§ What you are asked to do
Whatever comes before the line containing "2-in-1 Baby Playard, Pack" stays out; transcribe that line and all that follow to the end of the records exactly, with no pictures.

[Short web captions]
+++++

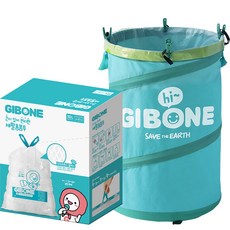 GIBONE 方便的附綁繩環保回收袋 60入 + 彈出式多功能收納籃組合, 50L, 1個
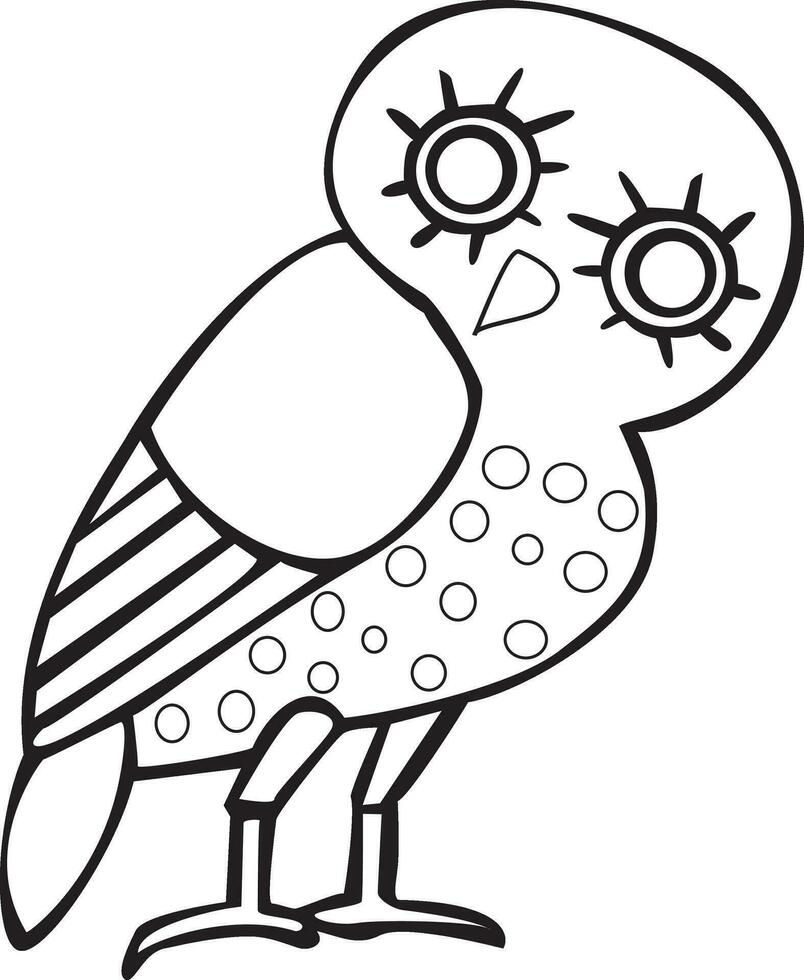 Greek owl sign, symbol vector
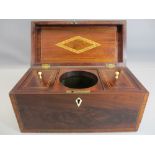 EARLY 19TH CENTURY MAHOGANY CROSSBANDED TEA CADDY with fitted interior and inlay to lid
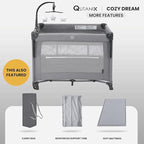 2-in-1 Baby Playard, Pack and Play Bassinet, Easy Folding Portable Crib with Music Mobile for Newborn to Toddlers (Grey)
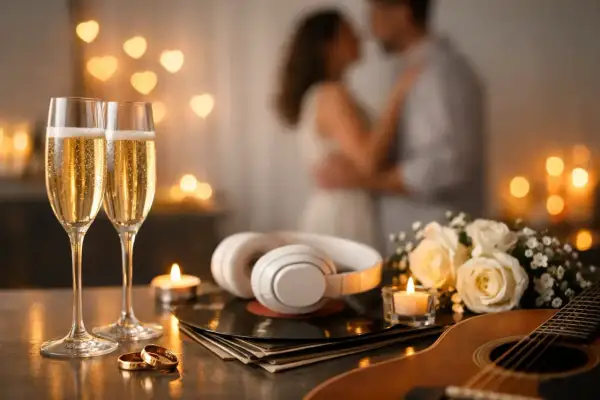 Coppie di fedi, champagne e una chitarra creano l'atmosfera perfetta per una canzone per anniversario di matrimonio.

+++++

§ Final answer
 2-in-1 Baby Playard, Pack and Play Bassinet, Easy Folding Portable Crib with Music Mobile for Newborn to Toddlers (Grey)
 Coppie di fedi, champagne e una chitarra creano l'atmosfera perfetta per una canzone per anniversario di matrimonio.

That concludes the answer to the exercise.